The Florida Project - Sean Baker famously shot his debut feature Tangerine on an iPhone and returned to shoot The Florida Project on even more beautiful 35mm. This film, set in the strip mall and cheap motel squalor outside Disney World, is about people pushed too far in an unnatural, lavender-and-fuchsia landscape. Much has been made of performance from seven-year-old spitfire Brooklyn Decker as a free-roaming child but the startling, discomfiting acting by newcomer Bria Vinaite as her mother is indelible. As with Sasha Lane’s Star in last year’s American Honey, the finest recent acting has been done by untrained presences like Vianaite. 

Phantom Thread - Easily the best PTA picture, thanks to the cast—all of which has been lauded above—and the relative restraint of the director. The film is not about wild tracking shots and enormous amounts of acting. The most exciting set pieces are of Daniel Day-Lewis at work—cutting, sewing, staring down the lines. In addition to motivating future breakfast orders, Phantom Thread shows the ways in which idiosyncratic artists, whether the subject or the maker of the film, help show why it's worthwhile to keep fighting through the cruelty and banality of life—think of the couture we'd miss if we died today! 

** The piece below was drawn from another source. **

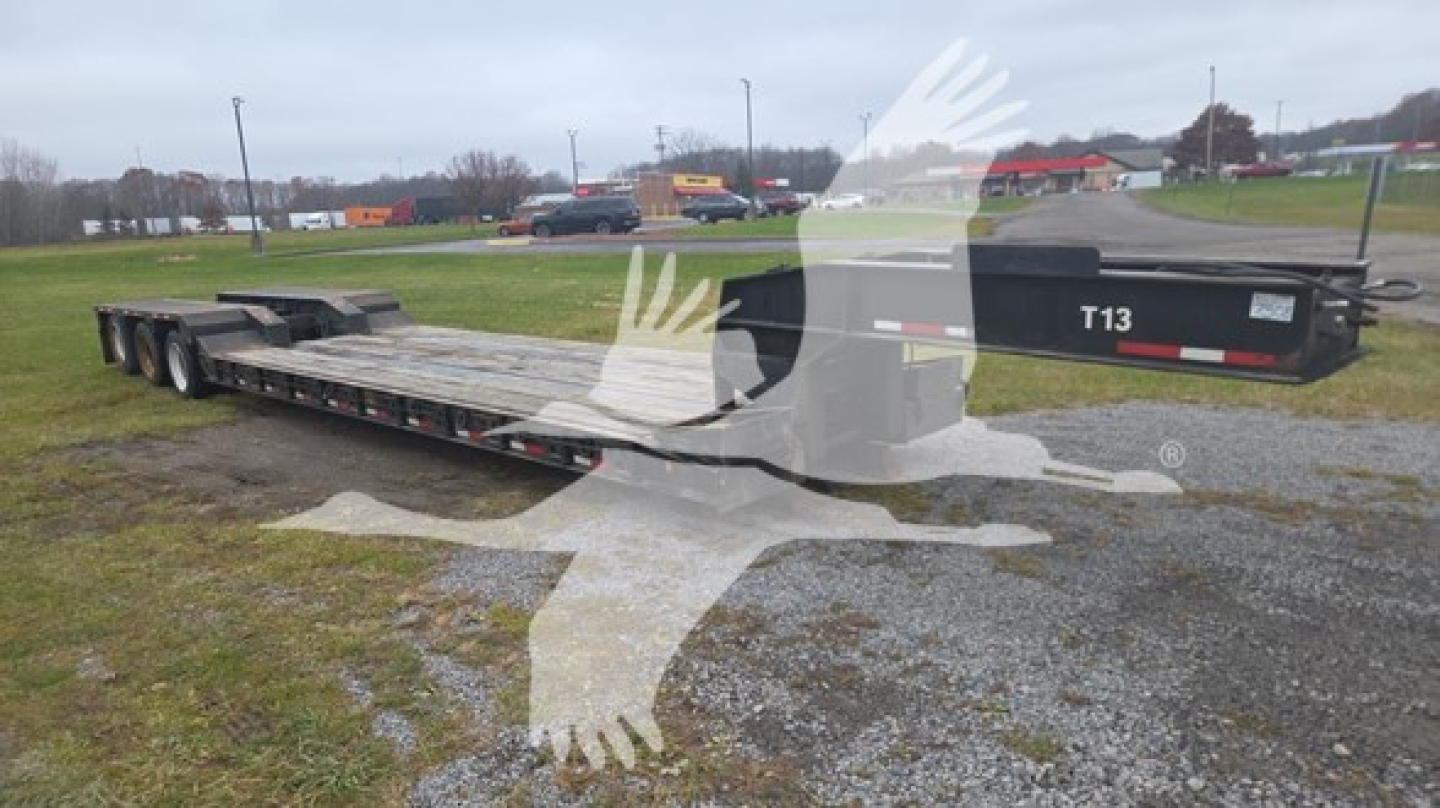 Rogers 50 Ton lowboy trailer with long flatbed and rear multiple axles; side shows 'T13' on the front.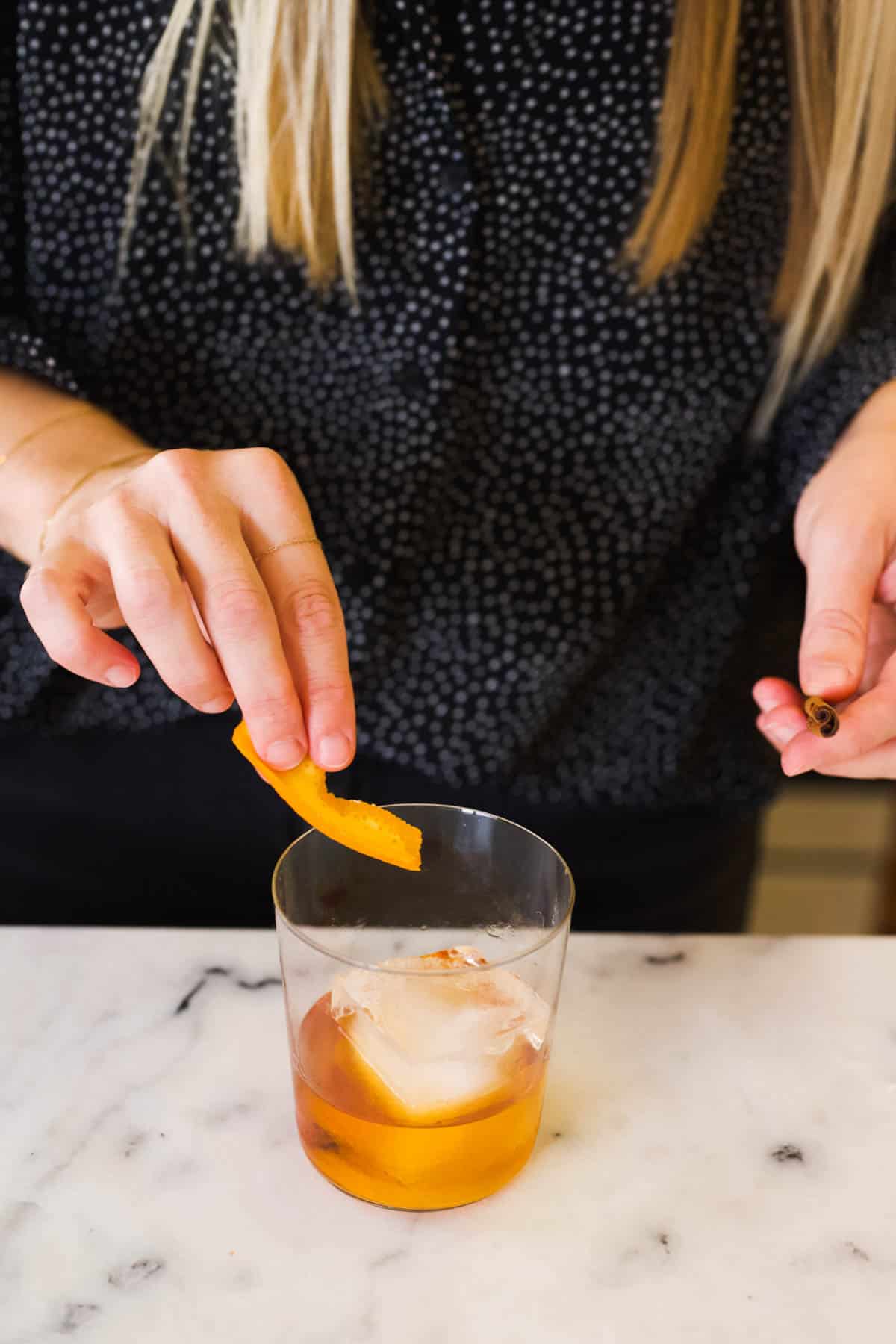 A woman rubbing an orange peel on the rim of a cocktail glass.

Personal Shopper - Any film is bound to be excellent when the best French director, Oliver Assayas, works with the best American actress, Kristen Stewart. Assayas wrote the film for Stewart when they were working together on the magisterial Clouds of Sils Maria, and the script addresses fashion, the supernatural, and the burden of being a talented personal assistant. Surrounded by jittering wraiths and glittering couture, Stewart moves through Paris and London with the radical coldness that sets her apart from her contemporaries. The cinematic sound from 2017 that will linger longest in the ears is the skittering of Stewarts’s fingers over her phone as she composes text messages to a ghost.